“Wake up, Robert, and breathe this air! After our having been sealed up in a room all night the breeze is heavenly.”
The shutters were thrown back, and the hunter and Tayoga, fully dressed, stood by the windows. The air, fresh, life-giving, coming over the great forests and the mighty river, was pouring into the room in streams, and Tayoga and Willet were facing it, in order that they might receive it straight upon their foreheads.
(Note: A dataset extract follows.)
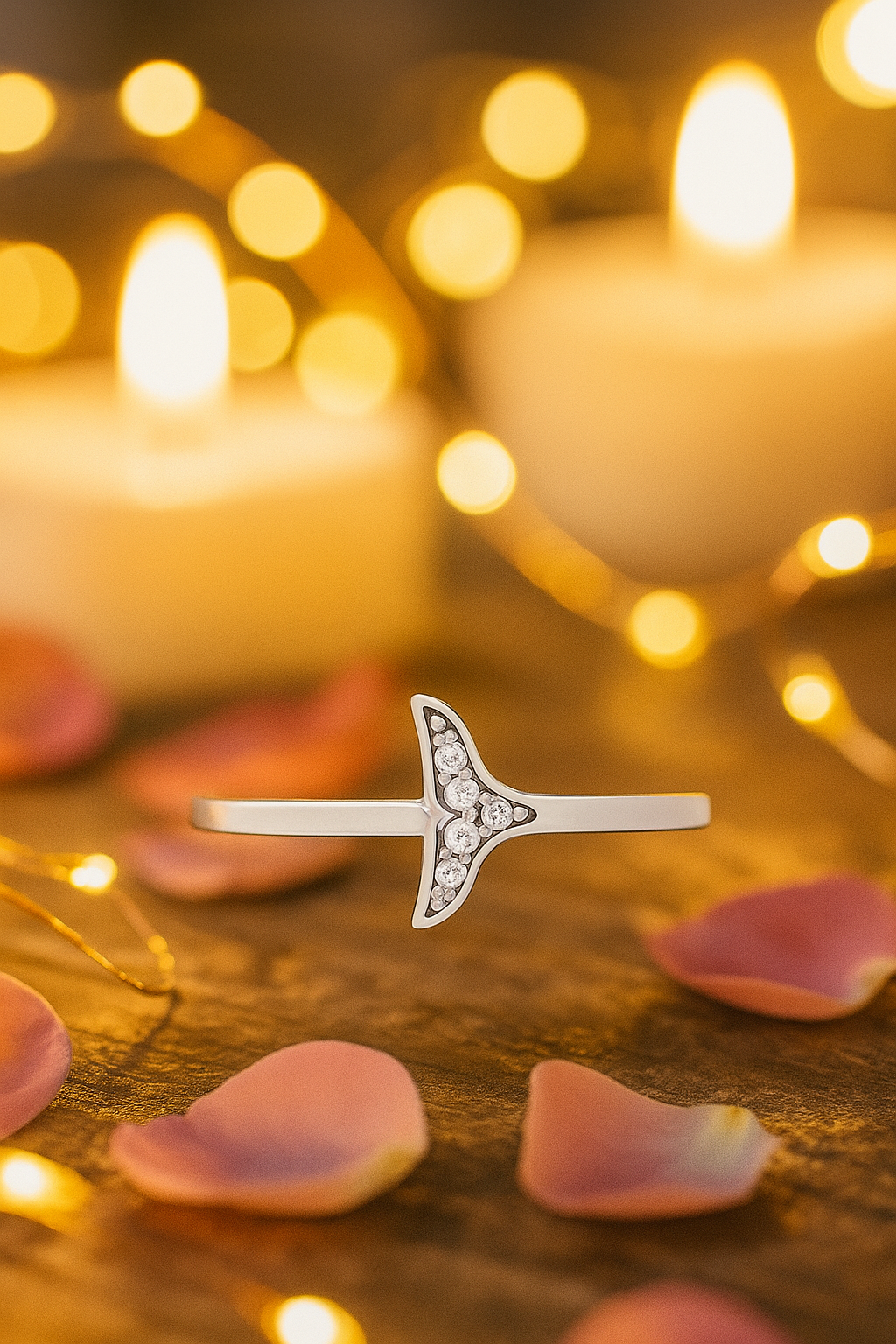 Whale Tail Zircon Ring for Women 925 Silver Finish Elegant Minimal Adjustable Finger Ring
Robert joined them, and soon felt as if he had been created anew and stronger.
“I’ll never again sleep in a room closed tight and hard,” said Willet, “not even to protect my life. I’ve roamed the free woods for so many years that I think another such experience would make me choke to death.”
“I’m not in love with it myself,” said Robert, “but it makes the world outside look all the grander and all the more beautiful.”
At their wish breakfast was served for them by Monsieur Jolivet in the garden, Willet insisting that for the present he could not stay any longer in a house. Robert from his seat could see the end of the broken barb embedded in the wall, but neither mine host nor any of his assistants had yet noticed it.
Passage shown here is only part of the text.